The protection and care of the natural world is a gift we were given by God. And instead of treating that which is placed in our care as a gift, we’ve treated it as an opportunity to benefit ourselves. For hundreds of years we’ve taken passages like Psalm 8 and Genesis 1 as a Biblical permission slip for doing what we want with creation. Seeing ourselves as the superior species placed in charge by God, the rest of creation at our disposal as a means of bettering our own lives. But at what cost?
But are we paying attention? Have we noticed that this is unsustainable? Are we paying attention to the warning signs that tell us that human greed, apathy and selfishness will bring the natural world down, and humanity with it. Or do we still doubt?
There’s another kind of doubt, too. The other kind of doubt seeps into your head when you are paying attention to how humans are doing a lousy job of caring for God’s earth and you think to yourself, But I am just one person. I doubt I can make any difference.

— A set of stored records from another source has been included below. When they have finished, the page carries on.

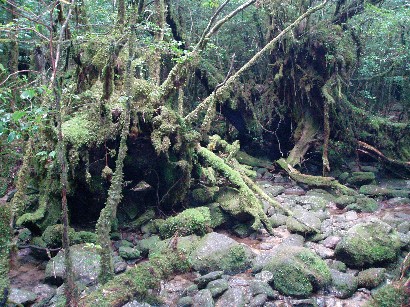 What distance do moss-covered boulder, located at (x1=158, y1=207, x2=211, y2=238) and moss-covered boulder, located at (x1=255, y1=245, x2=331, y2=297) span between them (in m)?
1.45

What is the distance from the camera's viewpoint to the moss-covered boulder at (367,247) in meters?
5.43

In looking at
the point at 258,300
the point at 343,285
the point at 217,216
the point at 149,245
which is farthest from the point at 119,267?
the point at 343,285

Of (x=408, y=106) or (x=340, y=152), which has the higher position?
(x=408, y=106)

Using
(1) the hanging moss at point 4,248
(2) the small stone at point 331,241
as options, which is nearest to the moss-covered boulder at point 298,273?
(2) the small stone at point 331,241

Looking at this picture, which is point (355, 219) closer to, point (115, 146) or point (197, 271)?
point (197, 271)

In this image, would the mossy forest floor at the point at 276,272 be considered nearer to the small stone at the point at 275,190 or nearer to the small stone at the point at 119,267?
the small stone at the point at 119,267

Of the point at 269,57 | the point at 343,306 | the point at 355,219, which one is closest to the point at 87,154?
the point at 343,306

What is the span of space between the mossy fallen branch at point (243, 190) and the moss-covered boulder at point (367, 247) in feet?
4.94

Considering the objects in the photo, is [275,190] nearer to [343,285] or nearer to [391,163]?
[391,163]

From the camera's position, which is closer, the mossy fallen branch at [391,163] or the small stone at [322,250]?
the small stone at [322,250]

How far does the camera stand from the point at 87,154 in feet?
20.1

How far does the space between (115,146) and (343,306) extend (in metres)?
4.34

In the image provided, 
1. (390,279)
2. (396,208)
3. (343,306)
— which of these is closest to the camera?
(343,306)

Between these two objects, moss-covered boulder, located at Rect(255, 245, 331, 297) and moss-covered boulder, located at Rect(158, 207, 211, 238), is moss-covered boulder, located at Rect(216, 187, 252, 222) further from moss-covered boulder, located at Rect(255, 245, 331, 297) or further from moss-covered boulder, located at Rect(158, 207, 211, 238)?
moss-covered boulder, located at Rect(255, 245, 331, 297) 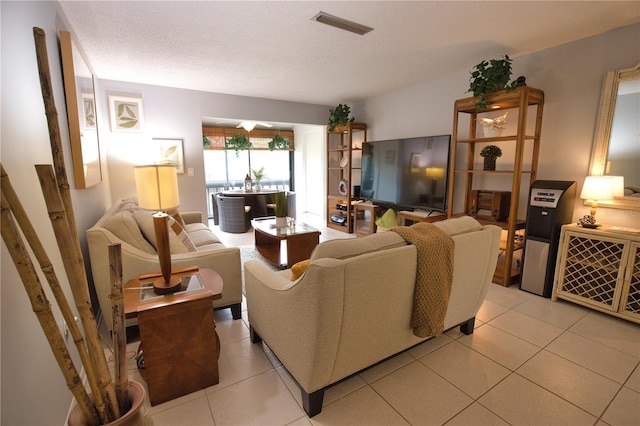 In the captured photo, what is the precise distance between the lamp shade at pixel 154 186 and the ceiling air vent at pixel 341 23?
159 centimetres

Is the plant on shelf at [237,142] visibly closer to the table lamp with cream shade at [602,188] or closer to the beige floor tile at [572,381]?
the table lamp with cream shade at [602,188]

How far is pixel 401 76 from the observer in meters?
3.82

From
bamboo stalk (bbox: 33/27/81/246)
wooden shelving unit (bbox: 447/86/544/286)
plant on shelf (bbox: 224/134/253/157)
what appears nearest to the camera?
bamboo stalk (bbox: 33/27/81/246)

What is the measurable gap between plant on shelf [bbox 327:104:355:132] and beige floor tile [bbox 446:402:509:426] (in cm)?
438

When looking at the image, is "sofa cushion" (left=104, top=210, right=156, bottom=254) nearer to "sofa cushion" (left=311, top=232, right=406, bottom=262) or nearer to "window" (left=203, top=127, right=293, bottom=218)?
"sofa cushion" (left=311, top=232, right=406, bottom=262)

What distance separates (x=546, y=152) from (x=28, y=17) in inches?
159

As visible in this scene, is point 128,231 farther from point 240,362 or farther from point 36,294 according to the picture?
point 36,294

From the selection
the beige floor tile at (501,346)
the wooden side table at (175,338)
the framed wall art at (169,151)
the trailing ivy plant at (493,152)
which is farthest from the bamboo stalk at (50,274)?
the framed wall art at (169,151)

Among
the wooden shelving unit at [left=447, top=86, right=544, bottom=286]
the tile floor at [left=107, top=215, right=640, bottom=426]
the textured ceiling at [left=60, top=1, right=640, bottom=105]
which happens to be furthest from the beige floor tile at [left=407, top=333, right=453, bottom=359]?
the textured ceiling at [left=60, top=1, right=640, bottom=105]

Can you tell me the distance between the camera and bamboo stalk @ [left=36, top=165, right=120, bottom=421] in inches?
31.3

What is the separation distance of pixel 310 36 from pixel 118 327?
2.57 metres

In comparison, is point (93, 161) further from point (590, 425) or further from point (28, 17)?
point (590, 425)

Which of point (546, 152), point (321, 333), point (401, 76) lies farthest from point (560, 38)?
point (321, 333)

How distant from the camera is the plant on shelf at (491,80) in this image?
2.80 meters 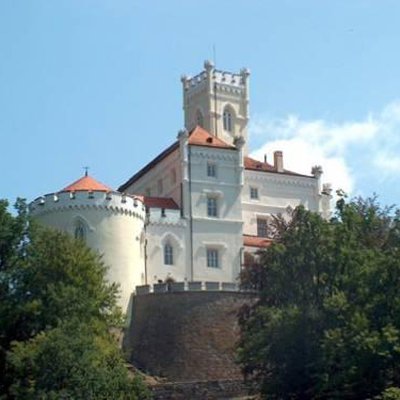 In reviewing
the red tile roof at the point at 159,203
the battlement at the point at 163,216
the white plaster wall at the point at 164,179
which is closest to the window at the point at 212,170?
the white plaster wall at the point at 164,179

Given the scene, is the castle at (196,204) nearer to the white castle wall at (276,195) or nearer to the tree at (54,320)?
the white castle wall at (276,195)

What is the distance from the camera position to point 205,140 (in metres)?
89.4

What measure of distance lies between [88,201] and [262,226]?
15.4 meters

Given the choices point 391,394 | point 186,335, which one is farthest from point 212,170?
point 391,394

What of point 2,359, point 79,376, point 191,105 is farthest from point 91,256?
point 191,105

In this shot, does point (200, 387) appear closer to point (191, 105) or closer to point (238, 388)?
point (238, 388)

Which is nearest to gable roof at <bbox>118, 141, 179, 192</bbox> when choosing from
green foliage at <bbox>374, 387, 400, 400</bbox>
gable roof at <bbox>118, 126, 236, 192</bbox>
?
gable roof at <bbox>118, 126, 236, 192</bbox>

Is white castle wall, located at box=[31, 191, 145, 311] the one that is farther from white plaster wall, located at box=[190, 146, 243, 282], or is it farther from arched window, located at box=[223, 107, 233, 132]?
arched window, located at box=[223, 107, 233, 132]

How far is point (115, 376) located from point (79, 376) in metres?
1.99

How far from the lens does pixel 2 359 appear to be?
6262cm

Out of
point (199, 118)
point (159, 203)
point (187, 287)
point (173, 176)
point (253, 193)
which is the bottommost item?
point (187, 287)

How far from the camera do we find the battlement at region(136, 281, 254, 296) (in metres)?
79.1

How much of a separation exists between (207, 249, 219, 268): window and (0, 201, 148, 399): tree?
1490 cm

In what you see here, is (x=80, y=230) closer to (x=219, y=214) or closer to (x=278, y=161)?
(x=219, y=214) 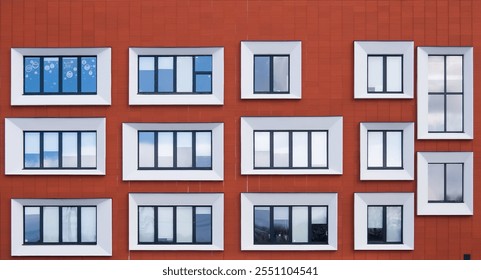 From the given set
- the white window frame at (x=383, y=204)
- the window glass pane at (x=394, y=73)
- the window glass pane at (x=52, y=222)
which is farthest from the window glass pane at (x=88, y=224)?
the window glass pane at (x=394, y=73)

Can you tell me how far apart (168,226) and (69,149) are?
399cm

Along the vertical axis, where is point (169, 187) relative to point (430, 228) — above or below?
above

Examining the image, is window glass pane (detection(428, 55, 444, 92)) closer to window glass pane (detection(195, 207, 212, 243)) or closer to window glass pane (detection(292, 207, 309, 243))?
window glass pane (detection(292, 207, 309, 243))

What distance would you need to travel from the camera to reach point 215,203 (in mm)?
16656

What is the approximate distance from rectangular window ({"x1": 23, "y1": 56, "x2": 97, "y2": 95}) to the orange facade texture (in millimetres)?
586

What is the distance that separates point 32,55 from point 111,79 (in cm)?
→ 265

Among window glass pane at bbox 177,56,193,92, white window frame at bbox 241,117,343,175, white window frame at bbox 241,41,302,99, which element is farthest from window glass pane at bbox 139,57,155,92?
white window frame at bbox 241,117,343,175

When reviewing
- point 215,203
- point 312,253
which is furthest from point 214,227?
point 312,253

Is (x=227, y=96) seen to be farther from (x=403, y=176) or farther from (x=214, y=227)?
(x=403, y=176)

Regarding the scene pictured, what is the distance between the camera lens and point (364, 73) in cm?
1662

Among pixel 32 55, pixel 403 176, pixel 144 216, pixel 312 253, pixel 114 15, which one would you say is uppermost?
pixel 114 15

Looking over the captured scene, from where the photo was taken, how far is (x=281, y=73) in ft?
55.2

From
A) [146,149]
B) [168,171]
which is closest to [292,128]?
[168,171]

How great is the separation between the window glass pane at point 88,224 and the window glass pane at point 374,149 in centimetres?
884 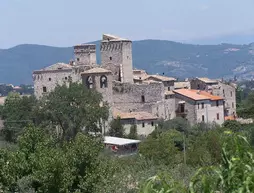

The reality is, doubt is pervasive. Either kind of doubt stops us in our tracks. And we forfeit passages like Psalm 8 over to more human-centric and narrow understandings. We consign ourselves to inaction because we’ve lost sight of the divine calling that’s actually present in plain sight in these sacred texts. The birds and the fish and the forests and the skies and the oceans aren’t just collections of cells that make up the natural world. They are a reflection of God. They are holy. The earth and the fullness thereof is God’s handiwork. They are God’s beloved creation. They are infused with God’s spirit. And because the natural world is holy and a reflection of God, our one and simple task as pieces of this creation is to not stop paying attention. We have been gifted with agency and the ability to make a difference and even small things done with love and care can help steward what God has entrusted to our care. Pay attention to the beautiful sunsets and flowers, yes. But also pay attention to the things we do that waste the gift. Pay attention to the things we do that abuse the gift. Pay attention to the things we do that take the gift for granted.
I’m really looking forward to keeping this conversation going. Because you know what? When one person starts paying attention and making small adjustments to their impact on the earth, it’s good. God smiles, I’m sure. But when a group of people get together and start paying attention and learning and growing, the impact is multiplied. God rejoices. The doubt is slowly replaced with hope and Easter becomes real for every corner of the natural world.